When feeling a bit blue, they’d pack up their new Ford Model-Ts and head off to lithium-containing springs such as Lithia Springs in Georgia.
You see, while most people nowadays think of lithium powering over-priced crap electric cars with a tendency to catch on fire, the mineral has been used as a medicine for over 140 years.
Surprisingly, it’s still the 197th most prescribed medicine in the US today, with over 2 million prescriptions in 2020.
What does it help cure? Why, the very thing it was advertised as helping and sorely needed in 1929—depression!
But since it’s usually not too kosher to mix everyday products with medicine, Charles company had to do a bit of backtracking.
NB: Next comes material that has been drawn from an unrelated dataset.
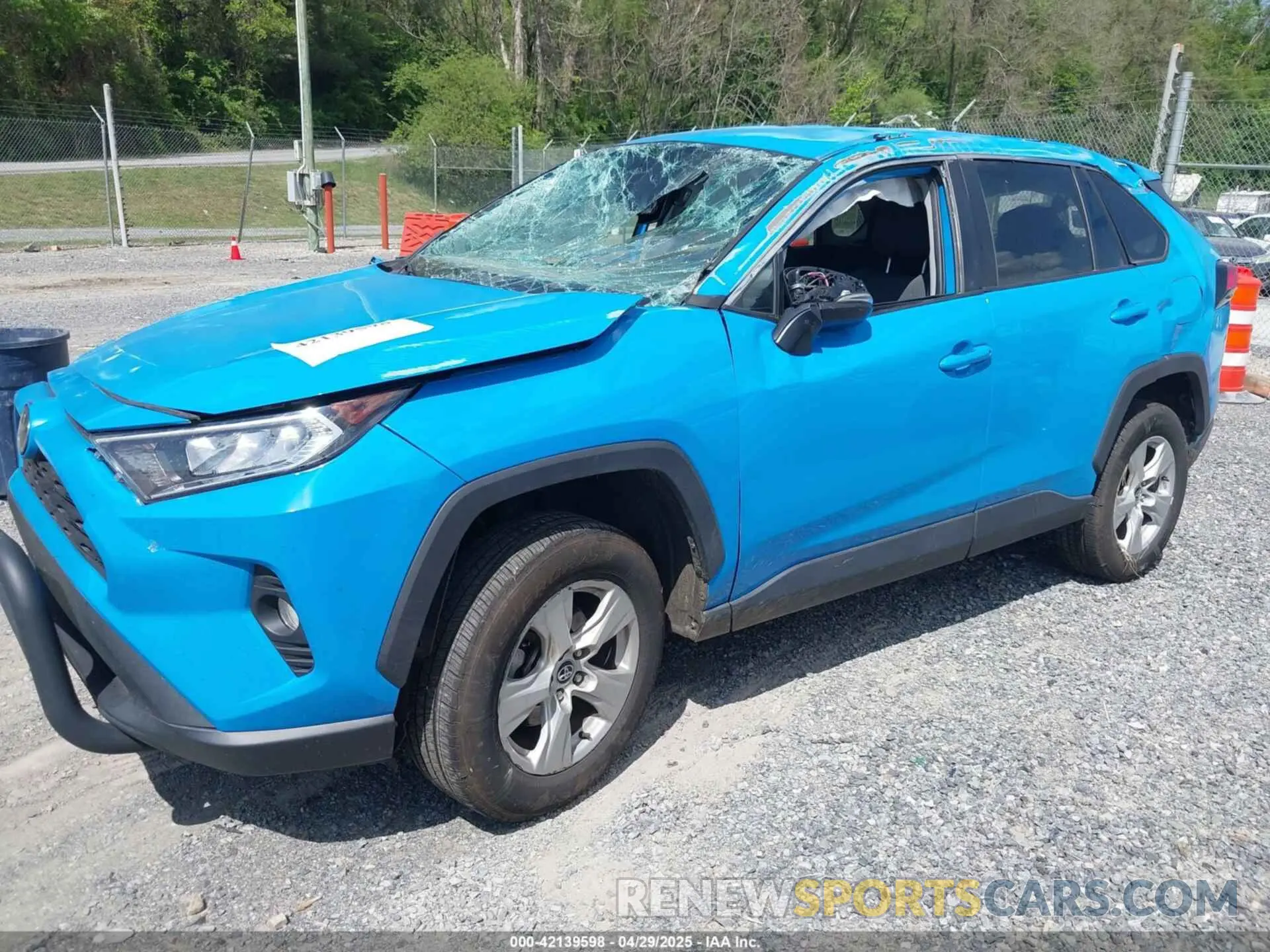2 Photograph of a damaged car 2T3P1RFV8MW152029 TOYOTA RAV4 2021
And by backtracking, I assume that meant he finally hired an advertiser worth their lithium salt.
What was it?
Within 7 years of launching, “Bib-Label Lithiated Lemon-Lime Sodas” changed it’s name twice.
First to “7Up Lithiated Lemon Soda” and later on to plain old “7Up” in 1936.
After the FDA banned the use of lithium citrate in 1948, it was removed from 7 Up, presumably replaced with even more sugar. Today, millions of 7 Ups are sold every year, helping bring obesity to a depressing level.
Whether or not it worked, lithium—with its atomic mass of 7—was certainly sold as an uplifting mood booster.
And knowing a man so terrible at naming products finally came out with one of the most clever is a lesson to be learned for us all.
If at first you don’t succeed, try, try, try again (and-include-happy-drugs-in-your-products)!
Written by a sodie-pop-abstaining J.J. Pryor.
🥤How about you 1 Up this post and help my weirdness annoy more people?🥤
Sodas have fascinating histories behind them. Coke originally had cocaine in it, Dr. Pepper was named for the father of the inventor's fiancee, and 7-UP had lithium in it!
Once you did the reveal, I immediately recalled an old commercial featuring Black American comedian Orlando Jones where he walks around saying "Make 7-UP yours!" (not knowing, apparently, about "up yours" being an insult...).